Bez fajerwerków. Wojas Podhale Nowy Targ - Polonia Bytom 6:1 (relacja)

Kolejne zwycięstwo odnieśli hokeiści Wojasa Podhale, tym razem pokonując drużynę Polonii Bytom.

Od początku spotkania inicjatywę przejęli gospodarze - to oni wygrali pierwszy krążek i oddali pierwszy strzał autorstwa Rafała Sroki. Już na początku trzeciej minuty meczu na ławkę kar powędrował Martin Petrina, a bytomianie dopiero po 50 sekundach gry w przewadze oddali pierwszy strzał na bramkę Zborowskiego.
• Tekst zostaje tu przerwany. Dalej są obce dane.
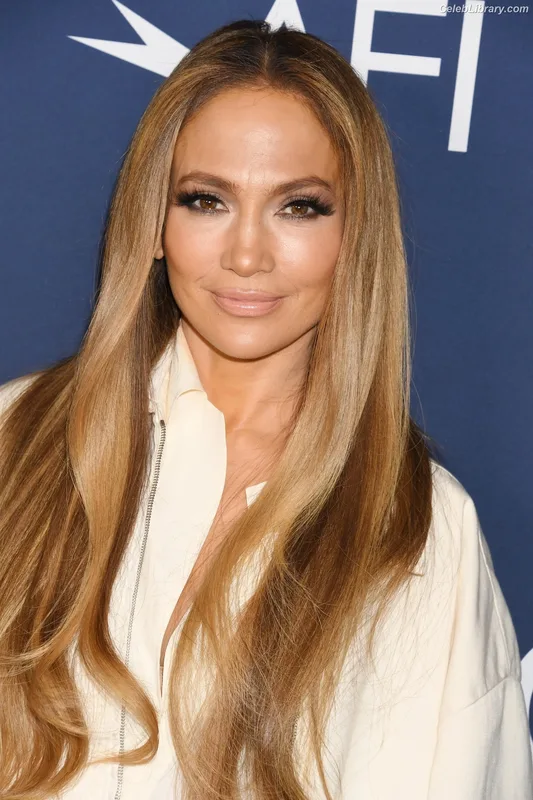 Jennifer Lopez photo 10 of 3409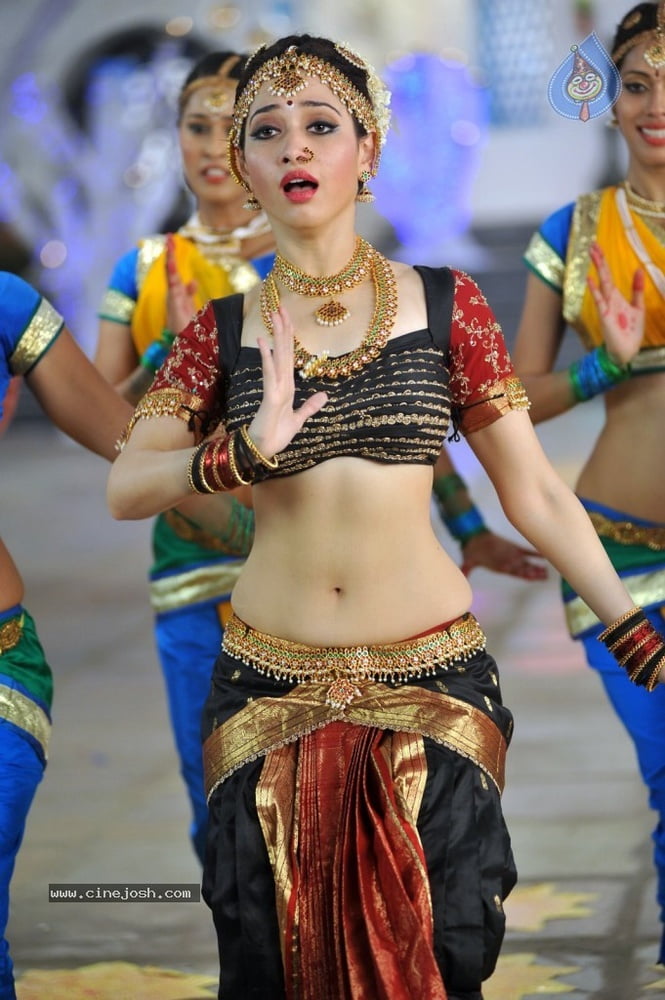 Südindische Schauspielerin - tamanna
 #89551970
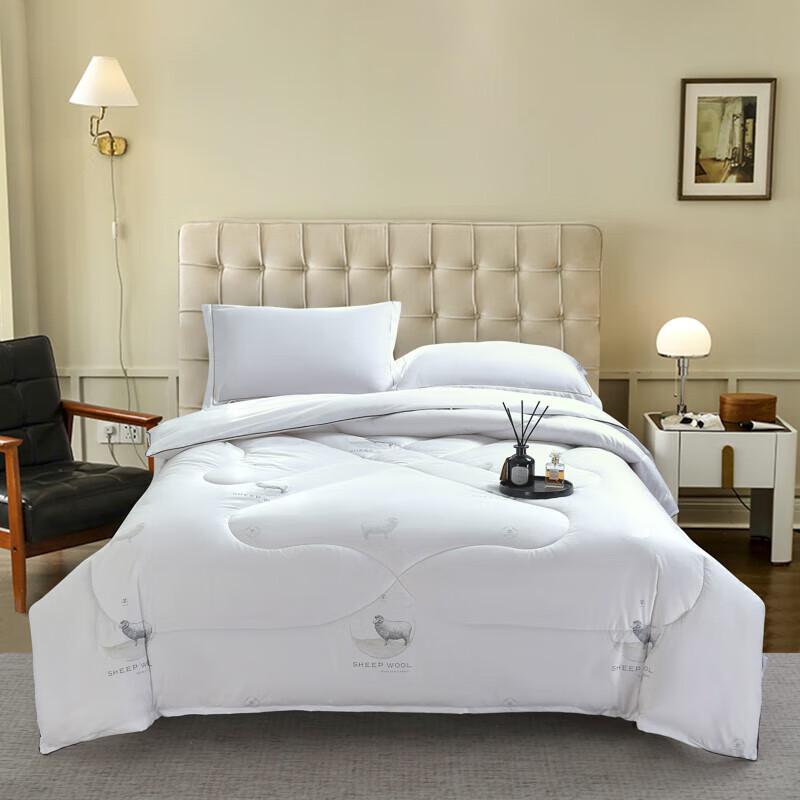 

All-Season Polyester & Silk Blend Quilt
Co ciekawe, w tym okresie groźniejsi byli nowotarżanie, którzy to raz po raz zagrażali bramce Lundina. Swoich sił próbowali Zapała oraz Batkiewicz, lecz ich strzały nie znalazły drogi do bramki. W dziewiątej minucie wynik otworzył Milan Baranyk, który strzałem z backhandu po krótkim rogu pokonał golkipera gości. Minutę później groźną akcje dwa na jeden wyprowadziła dwójka młodych zawodników Podhala – Dziubiński zagrał ”gumę” do nadjeżdżającego Gruszki, a ten oddał strzał po lodzie i nie trafił w bramkę. Piętnasta minuta pierwszej tercji to gra nowotarżan przez 53 sekundy z przewagą dwóch zawodników. Pierwszy Lundina "sprawdził" Daniel Galant, który to "wypalił" z niebieskiej, ale bramkarz gości był na posterunku. Gdy na lodzie pojawił się pierwszy z ukaranych zawodników Polonii, zamek założyła druga formacja "Szarotek". Dutka zagrał krążek przed bramkę do Baranyka, ten przełożył go na backhand i skierował do pustej bramki.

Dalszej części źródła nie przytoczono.